Sultanpur National Park is an outstanding birder hub as it’s a refuge for many residents as well as scores of migratory birds. Located on the fringe of New Delhi in the state of Harayana, the park encompasses semi-arid areas as well as wetlands. Our morning here is a perfect way to start our journey across northern India as you will encounter a wide array of species such as the Northern Shoveler, Northern Pintails, Red Crested and Common Pochards, Grey Headed Swamphen, Red-naped Ibis, White-Tailed Lapwing, Bar Headed Goose, Painted and Black-Necked Storks and the Greater Flamingos. Around the wetlands, you have a well-wooded area where one can spot the Spotted Owlets, Yellow Crowned Woodpecker, Purple Sunbird’s, Eastern Orphean Warbler, Bluethroat, Red Breasted Flycatcher, Eurasian Hoopoe and even the Red Avadavat. Raptors too grace the land, with the likes of Marsh Harriers, Indian Spotted Eagles and Osprey for the catch of the day. The park also has its fair share of mammals such as Nilgai (the Bluebull), Golden Jackals, Jungle Cats and Indian fox. Post Lunch, we will depart for Okhla Bird Sanctuary. Here, there’s a chance of finding the Yellow-Bellied Prinia and the Striated Babbler. There’s also a good chance of seeing many of the species that we have may have already seen earlier in the day. After experiencing the abundance Delhi has to offer, we return to the hotel to call it a day.

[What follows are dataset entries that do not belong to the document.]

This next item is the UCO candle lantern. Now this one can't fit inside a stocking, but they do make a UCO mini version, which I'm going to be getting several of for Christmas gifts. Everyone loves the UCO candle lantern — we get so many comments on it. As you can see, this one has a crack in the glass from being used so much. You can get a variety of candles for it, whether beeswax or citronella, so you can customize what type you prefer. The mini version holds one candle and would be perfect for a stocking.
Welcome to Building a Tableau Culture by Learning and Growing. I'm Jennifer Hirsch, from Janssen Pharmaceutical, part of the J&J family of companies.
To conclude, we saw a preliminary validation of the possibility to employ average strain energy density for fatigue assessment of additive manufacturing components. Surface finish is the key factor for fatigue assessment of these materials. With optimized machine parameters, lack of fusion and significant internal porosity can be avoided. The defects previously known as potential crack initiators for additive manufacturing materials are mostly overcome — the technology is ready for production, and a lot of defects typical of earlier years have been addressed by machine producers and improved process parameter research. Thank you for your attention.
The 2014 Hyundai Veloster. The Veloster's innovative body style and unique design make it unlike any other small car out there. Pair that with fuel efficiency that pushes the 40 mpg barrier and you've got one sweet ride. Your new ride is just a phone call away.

After breakfast, we will leave for Corbett National Park. On Reaching, we will check into in the Forest Rest House, which is located in the pristine part of the National Park, better known as Dhikala. Post Lunch, we will head out on our drive. The forest here has grasslands, woodlands and a river flowing through it. This attracts species such as the Western Osprey, Hen Harrier, Black Francolin, Green and Wood Sandpipers, Lesser Coucal, Plum Headed Parakeets, Crested Kingfisher, Barn and Red-rumped Swallows, Greyback Shrikes and Golden Headed Cisticola. The national park is teeming with mammal life as well such as Rhesus Macaque, the Indian Elephant, the Grey Kangur, Wild Boar, Spotted Deer, Yellow-Throated Martens, the Barking Deer or the Indian Muntjac and the elusive striped at better known as the Tiger. Post our evening drive; we will return to the rest house for supper and some rest.

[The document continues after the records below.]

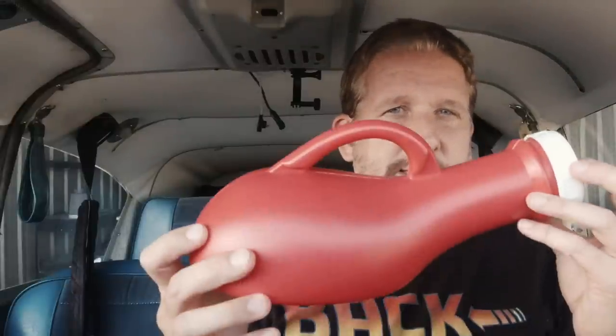All right guys, so here's the scenario. You're a few hours into a long cross-country flight and you've been sipping on your favorite beverage. Now you realize you kind of need to use the restroom. You got a couple of options. You could of course land the plane and use the restroom on the ground, but you didn't spend all your hard-earned money on overpriced avgas just to go down there and have to do it all over again. So another option pilots have is something like this.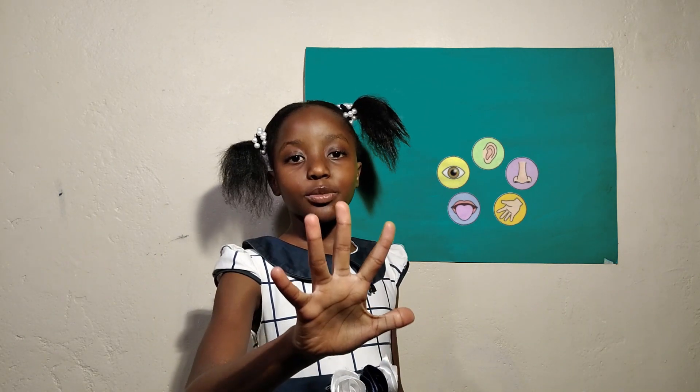Hello children, welcome to my class today. I'll be learning about the five senses of the human body. Children, did you know we have five senses of the human body?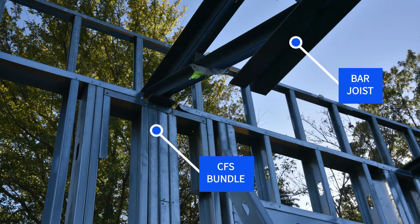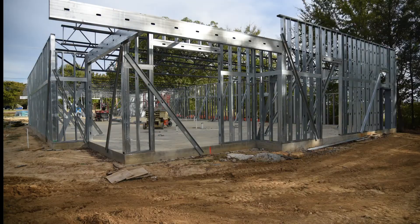The bar joists bear on a bundle of studs. The bar joists and CFS headers cantilever to form the overhang.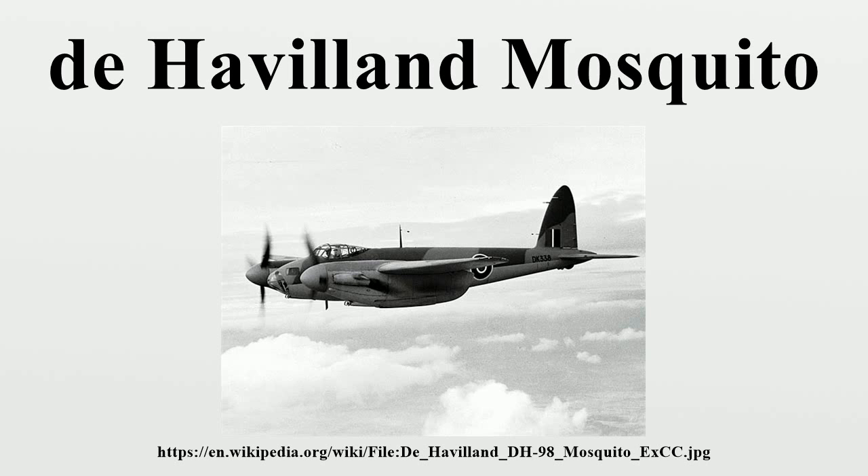During the 1950s, the RAF ultimately replaced the Mosquito with the jet-powered English Electric Canberra.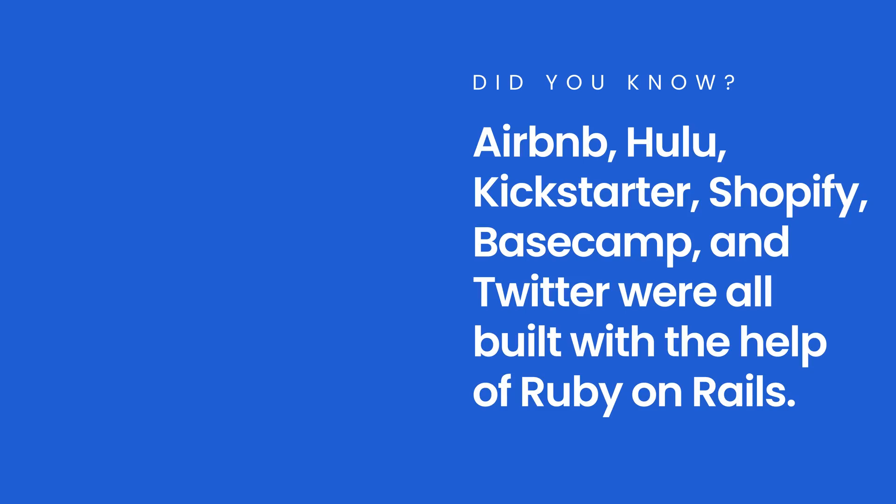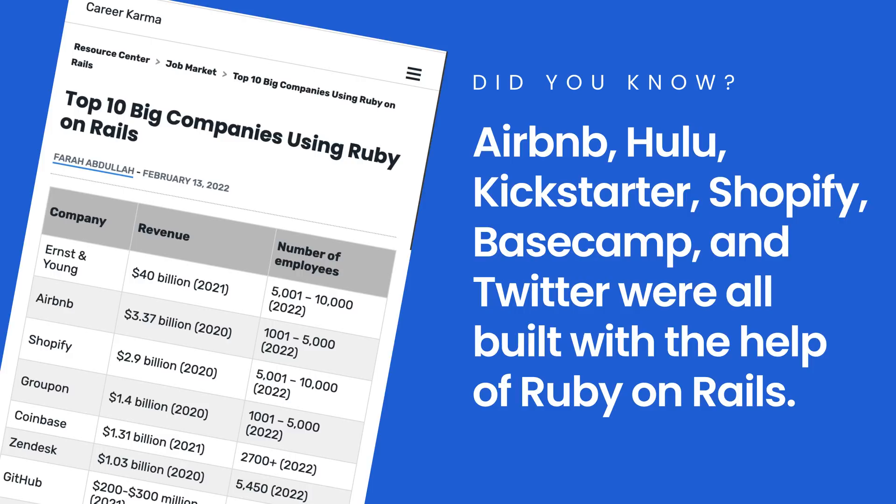Did you know that sites like Airbnb, Hulu, Kickstarter, Shopify, Basecamp, and Twitter were all built with the help of Ruby on Rails? That's right. Some of the largest sites in the world were created and launched with Ruby on Rails.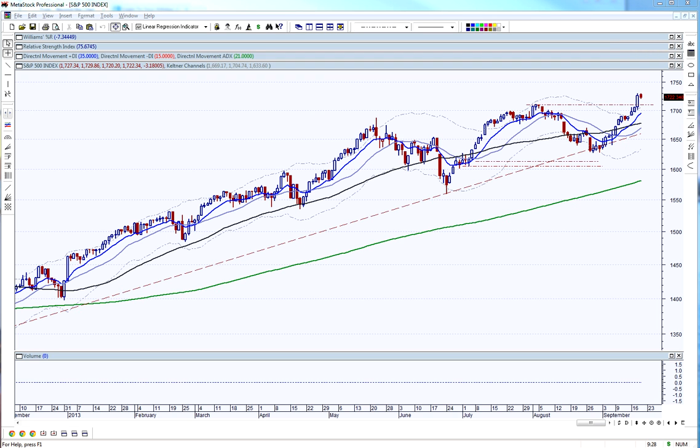Good evening, everyone. This is Joe Hentges with Beyond the Chart, and this is the market update for Thursday evening for the market day Friday, September 20th. There are no economic reports tomorrow, so everything is going to be wide open. We'll see how the market continues to react after the big Federal Reserve announcement on Wednesday afternoon.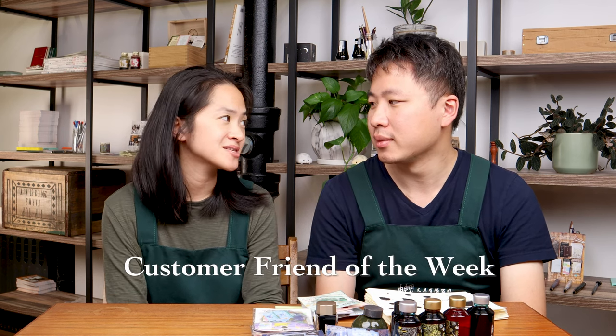We are really excited about these inks and we hope you'll be looking forward to them coming out to the website soon. Now that we're on the topic of customers coming to the store, this brings us to our customer friends of the week.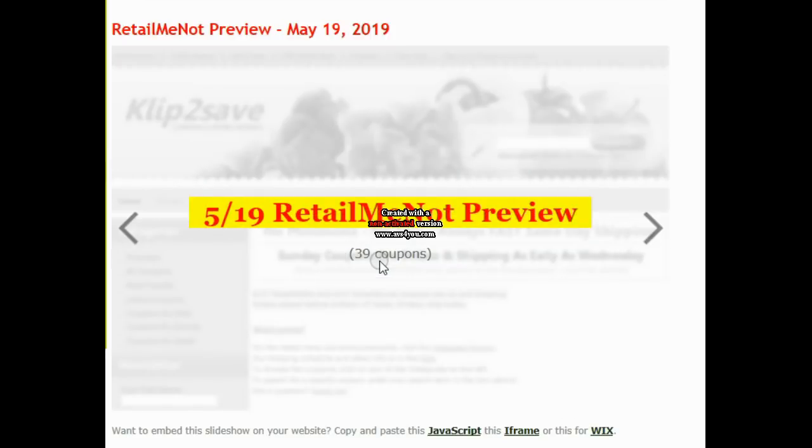Hi everyone and welcome to Ohio Valley Couponers. Today I'm here with the insert preview for May the 19th inserts. We're getting a RetailMeNot and we are getting a SmartSource. There are actually some really good coupons in here, and I usually don't do Sunday couponing, but some of these coupons are so good and they match up with rebates, I probably will go out Sunday couponing just to get the one deal.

We will continue to bird and look for mammals during our morning jeep birding & tiger safari. The park also has Blue Bearded Bee Eaters, Blue Throated Barbet, White bellied Drongo and Jungle Mynas. Around the rest House there a good chance of seeing Kalij Pheasants, Ashy Bulbul, Black-throated Thrush, Himalayan Rubythroat, Yellow-eyed Babblers and Yellow Breasted Greenfinch. In the evening post-lunch, we will head out for the evening safari drive to try and see some of the species that we may have missed out.
In the morning we will make our departure for the Kosi River. It is here that you will find many different species. The clear mountain streams inhabit birds such as the Crested Kingfisher, Grey Wagtail, the Brown Dipper. The river banks also support species as the spectacular Ibisbill and the Wallcreeper. The jungle in this area also hosts species like the Blue Bearded Bee Eater, The Great Hornbill, Common Green Magpie, Black-Chinned babbler and the Slaty Woodpecker. Our trails here also support the Brown-Headed Barbet, Grey Capped Pygmy, Streak Throated, Grey Headed and Fulvous Breasted Woodpecker, Golden Fronted Leafbird, Red-breasted Parakeet, Bar Winged Flycatcher Shrike, the Long Tailed Minivet, White-Throated Fantail and the Velvet Fronted Nuthatch. We return to our accommodation for some dinner and rest.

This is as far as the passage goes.